Breastfeeding and Breast Cancer Blog

From breastfeeding to being diagnosed with breast cancer and then back to breastfeeding. This is an account of my experiences.

Friday, February 7, 2014

Seven years

Seven years ago I underwent surgery to remove a small lump in my breast.  The lump and resulting pathology changed the next year of my life and brought breast cancer into my health history.

It is interesting being a survivor.  I have many breast cancer sisters and enjoy providing information and support to newly diagnosed women.

In my other world, I am a mom to three children who keep growing up. My daughter who was a toddler at diagnosis, is now heading towards breast development and puberty. My post cancer baby is almost four.  My oldest hardly remembers when mom had breast cancer, but knows it's part of his history too.

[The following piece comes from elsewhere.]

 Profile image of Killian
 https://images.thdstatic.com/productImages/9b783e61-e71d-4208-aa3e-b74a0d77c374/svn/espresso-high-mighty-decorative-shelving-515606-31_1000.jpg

Having year after year of clean scans and no evidence of disease is great and relieving. Not everyone has been as lucky.

Sunday, July 22, 2012


It's interesting how cancer really changes your perspective on things.  Every new bump or pain or odd change in your body makes you think of cancer.  If you thought nothing bad was ever going to happen to you, but then it did, it's like a rude awakening.

Since my cancer experience, I've had a few "scares."  Times when something wasn't just right and my mind jumped right to cancer.  Even if I had reason to believe that it was probably not cancer, somewhere in my mind I entertained the idea of cancer.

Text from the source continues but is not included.